Digital Signage has become a very popular way for businesses to advertise and promote themselves. However, due to the nature of the medium, it is often quite difficult to quantify the return of investment (ROI) of digital signage. In some cases, such as digital menu boards and digital signage within grocery stores, it is easier to see the direct impact of installing digital signage. On the other hand, other uses of digital signage may not have such obvious indications.
ROI vs ROO
Digital signage ROI can mostly be measured through either sales or savings measurement indicators. As discussed above, you can track the sales trends and compare the variation in the quantity of products sold over time with digital signage. Similarly, you can compare the average transaction value before and after the digital signage adoption.
Another way you can track your digital signage ROI is through potential savings measurement indicators. These indicators could be, for example, the savings in advertising between digital signage and other advertising method over a prolonged amount of time. Digital signage is not only more versatile than traditional signage, it can also save you a lot of money that you would have spent on printing, for example. It is clear that ROI thus refers to the hard gains and loses experienced by your business.
On the other hand, return on objective (ROO), has proven to be a useful measurement for any digital marketing campaign. To calculate ROO for your digital signage network, clearly define your key objectives and expected outcomes. These objectives should be specific and measurable. You can then compare your overall performance or the outcome of the implementation of the digital signage to your key objectives.
ROO is best used when the primary objective of your digital signage is to improve internal communications or to improve the customer experience.
Ask your customers
Customer satisfaction is also a very important aspect of running a business. A more qualitative way to measure the value of your digital signage is to measure the positive feedback you receive from customers before and after the installation. The easiest way to do so is by simply observing customers in your business. How long do customers spend looking at your digital signs? How many of them were prompted to buy something you advertised?

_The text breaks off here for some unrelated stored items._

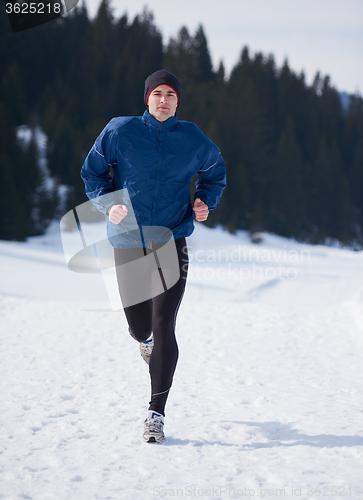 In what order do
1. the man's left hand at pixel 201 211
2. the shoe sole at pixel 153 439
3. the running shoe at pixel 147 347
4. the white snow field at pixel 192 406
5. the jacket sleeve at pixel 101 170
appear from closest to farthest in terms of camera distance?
the white snow field at pixel 192 406
the shoe sole at pixel 153 439
the jacket sleeve at pixel 101 170
the man's left hand at pixel 201 211
the running shoe at pixel 147 347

Another, more involved type of ROI measurement involves conducting surveys or interviews and recording people’s responses. For example, did they notice the digital signs? Did they find them helpful? This way you can have a deeper understanding of customer behaviour and make better business decisions going forward.
The best thing to do when calculating digital signage ROI is to keep things simple. You first need to understand what your objectives are and what metrics you actually would like to measure. From there you need to look at outcomes and compare. Ultimately there are dozens of types of indicators—both qualitative and quantitative—that you can use that can be very effective measurements of the success of your digital signage solutions.